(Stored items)

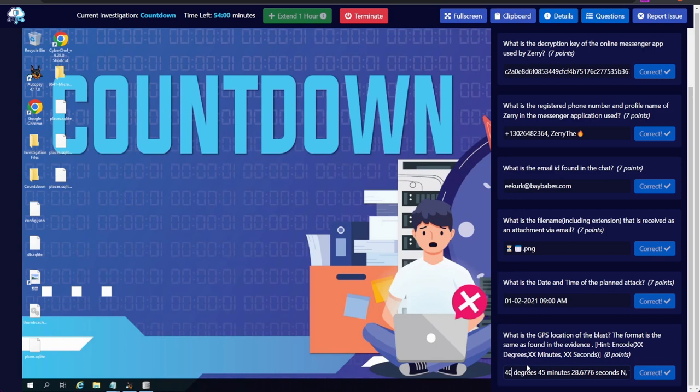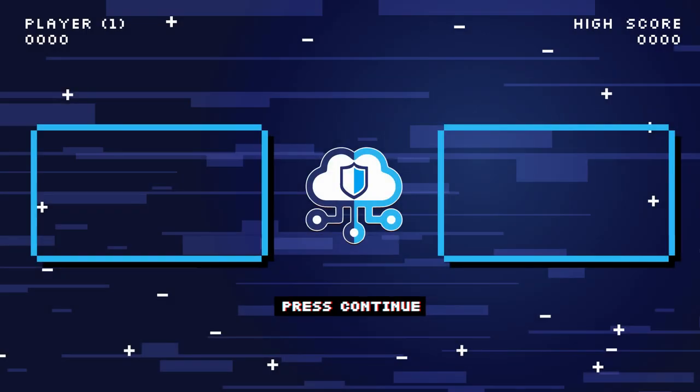We then used Thumbcache Viewer to recover the thumbnail of the erased PNG file, revealing the attack date and time. Finally, we found an encoded message in Windows Sticky Notes, used Tor browser history to identify ROT13 as the encoding, and decoded it in CyberChef to get the GPS coordinates of the attack location. Investigation complete — we can now report that this is not a hoax, provide the attack time, location, and supporting conversation evidence. Hope you enjoyed this video, see you next Friday for BTLO Replay!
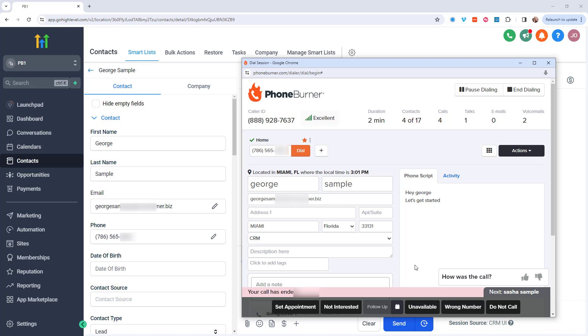And that's it for this demo. That's how easy it is for you to initiate a PhoneBurner dial session from within the Go High Level system. I hope this helps you and your team get more done using the power of PhoneBurner with Go High Level. Thanks again, and happy dialing.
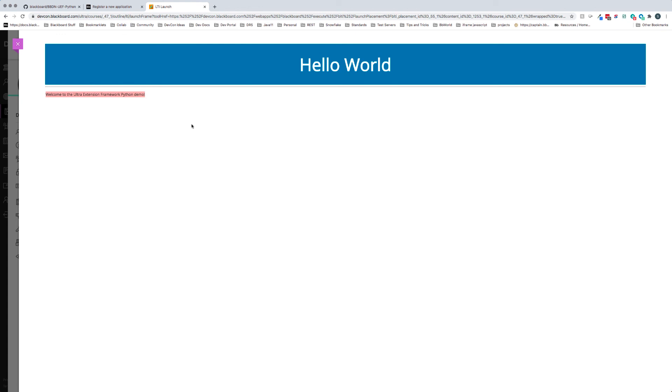There you have it. We have gone through all the steps to get started and prepared for our tutorial. We have our LTI tool that we will be converting, running on our desktop. The next step is to go ahead and get started with our tutorial.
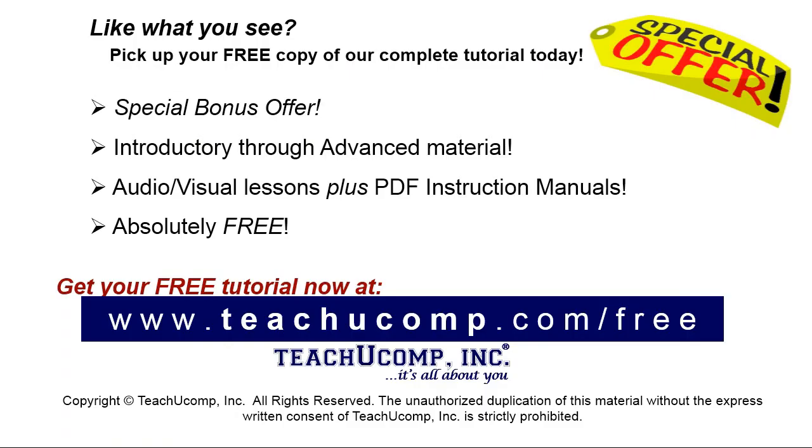Like what you see? Pick up your free copy of the complete tutorial at www.teachucomp.com/free.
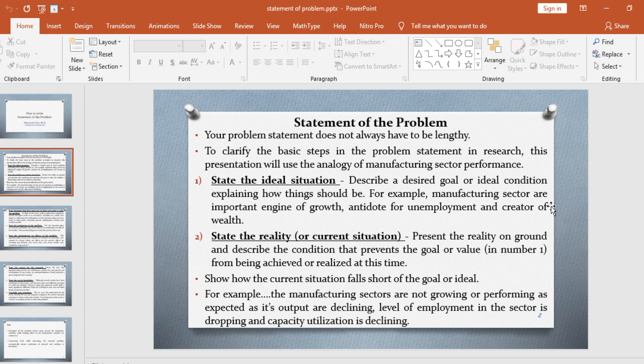The first thing you need to do is to state the ideal situation. Describe a desired goal or ideal condition, explaining how things should be. For example, manufacturing sectors are important engines of growth, an antidote for unemployment, and creators of wealth. This is basically what we expect the manufacturing sector to do.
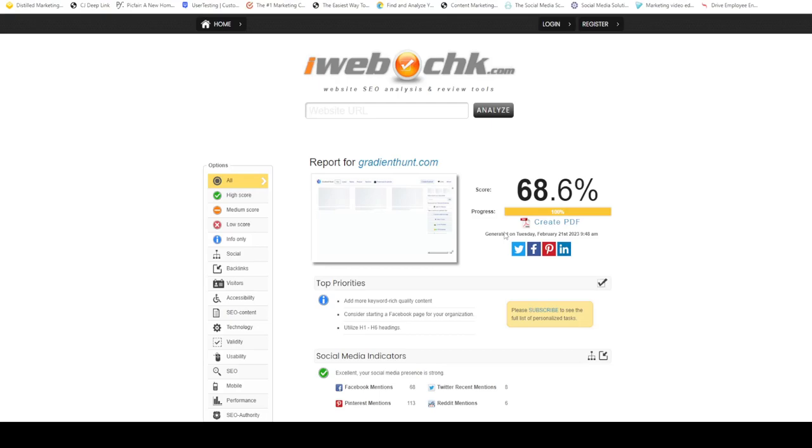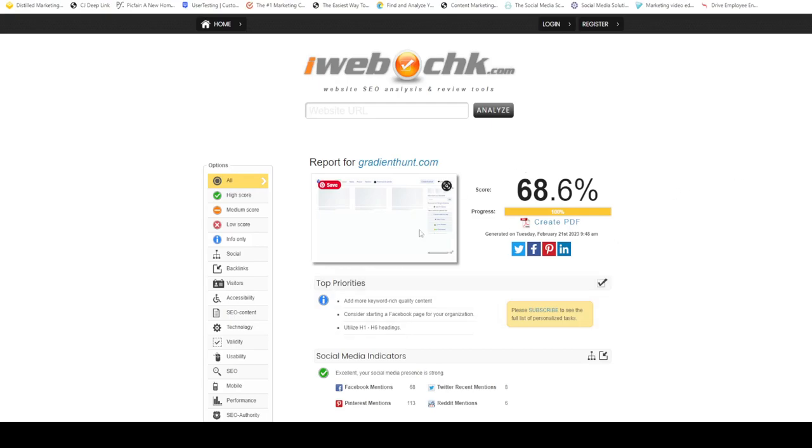The moment you click on the website URL, it's going to start processing the website. Let's give it some time. Alright, so the website has processed.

▶ _Problem to work on_
Could the entries above be written out word for word, with no pictures?

▶ _Result of this exercise_
We then used Thumbcache Viewer to recover the thumbnail of the erased PNG file, revealing the attack date and time. Finally, we found an encoded message in Windows Sticky Notes, used Tor browser history to identify ROT13 as the encoding, and decoded it in CyberChef to get the GPS coordinates of the attack location. Investigation complete — we can now report that this is not a hoax, provide the attack time, location, and supporting conversation evidence. Hope you enjoyed this video, see you next Friday for BTLO Replay!
And that's it for this demo. That's how easy it is for you to initiate a PhoneBurner dial session from within the Go High Level system. I hope this helps you and your team get more done using the power of PhoneBurner with Go High Level. Thanks again, and happy dialing.
There you have it. We have gone through all the steps to get started and prepared for our tutorial. We have our LTI tool that we will be converting, running on our desktop. The next step is to go ahead and get started with our tutorial.
Like what you see? Pick up your free copy of the complete tutorial at www.teachucomp.com/free.
The first thing you need to do is to state the ideal situation. Describe a desired goal or ideal condition, explaining how things should be. For example, manufacturing sectors are important engines of growth, an antidote for unemployment, and creators of wealth. This is basically what we expect the manufacturing sector to do.
The moment you click on the website URL, it's going to start processing the website. Let's give it some time. Alright, so the website has processed.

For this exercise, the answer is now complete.